Posted by: docdenbow | March 10, 2016

Pointless Or Futility


Well I really should know better than to start writing, than to start writing without any clear idea of what type of thoughts, ideas, emotions and opinions I wish to convey. That just goes to show that I can from time to time be impulsive. You know, act without any thought of consequences or with any logical raison d’etre behind my actions. Of course all of this is all very well and good but ultimately pointless because I’m not really saying anything now, am I? Yet who am I to express opinions, to pontificate on subjects that in reality I know very little about. I have my truths and beliefs but sometimes feel unable to share them these days for fear of ridicule.

You see my standard of education is not good just a few “O” Levels, an HND and an OU Foundation course. My command of language and punctuation is greatly inhibited by the fact that I have never read any proper books. All I’ve read are detective stories, Adrian Mole books and James Robert Baker’s brilliant Boy Wonder. I bring this up because if I ever want to express myself, even on digital paper, I find that I make no sense. I’ve had ambition to write something weightier than a blog and have written thousands of words to that end. When I read these words back I realise that they consist of nothing more than sixth form musings. In other words piss poor. Over the past 10 to 15 years I have written in excess of 250,000 in abortive attempts at writing a novel or even a novella or even a long short story. Each and every one has been crap.

I can’t bring myself to pick myself up and try again at the moment. I find that it’s bloody difficult to get motivated to write something that I know is complete and utter tosh. It’s a bit like building a shed knowing full well that it well it will collapse onto itself leaving nothing behind but a pile of wood, planks and nails.

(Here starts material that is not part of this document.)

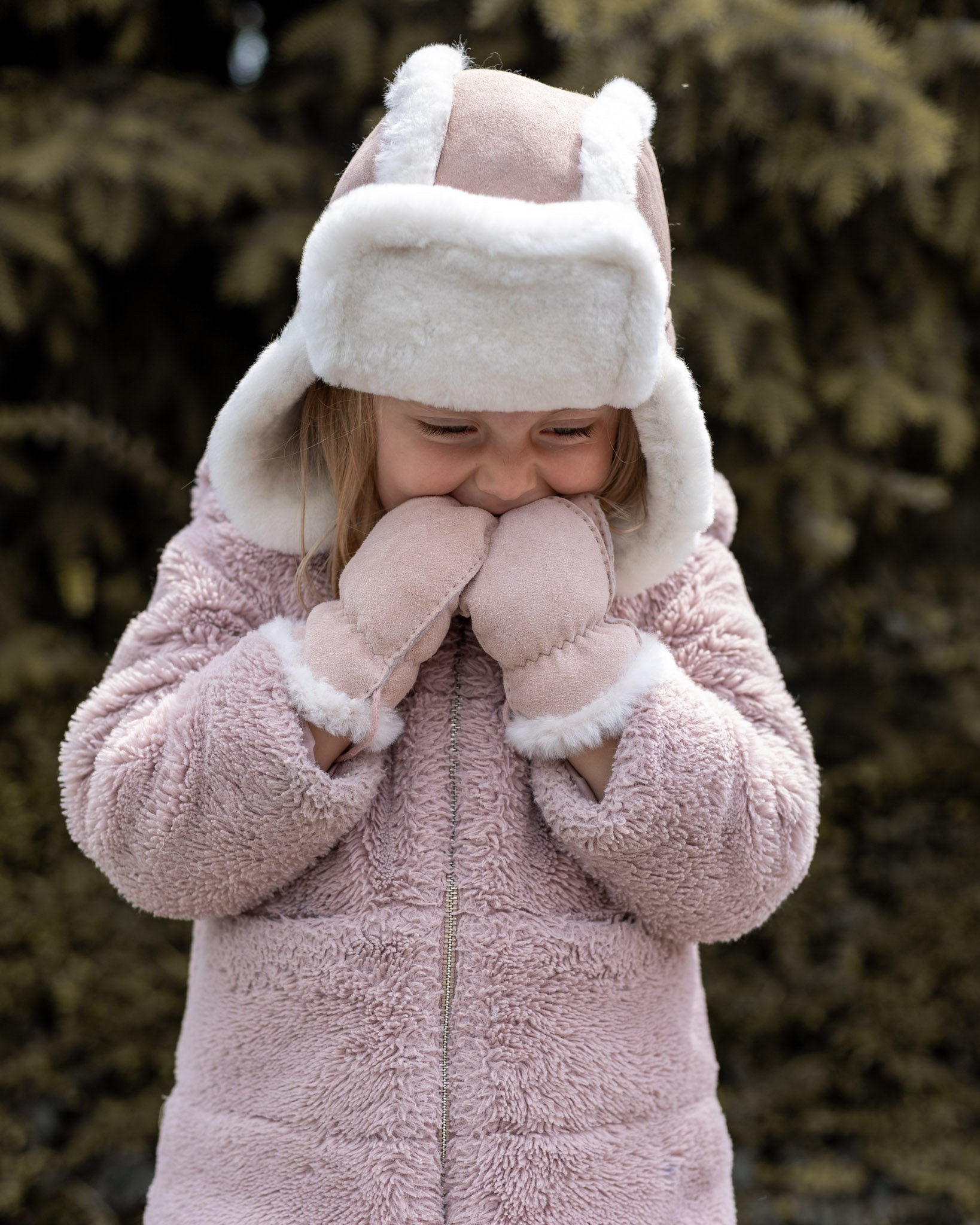 Schapenvacht\u0020baby\u0020\u0026\u0020kinder\u0020muts\u0020\u002D\u0020Roze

Nevertheless, it still burns me, that desire to actually write something that begins at the beginning and ends at the end with a tale in the middle. I’m bereft of ideas that aren’t trite or hackneyed and full of false emotion and unfunny humour. I feel like my wish to write is like my wish to draw or sing or play guitar. Ideas above my station.

Perhaps I just need to grow up and realise my best days are well behind me. Having dreams at my age are just that, dreams.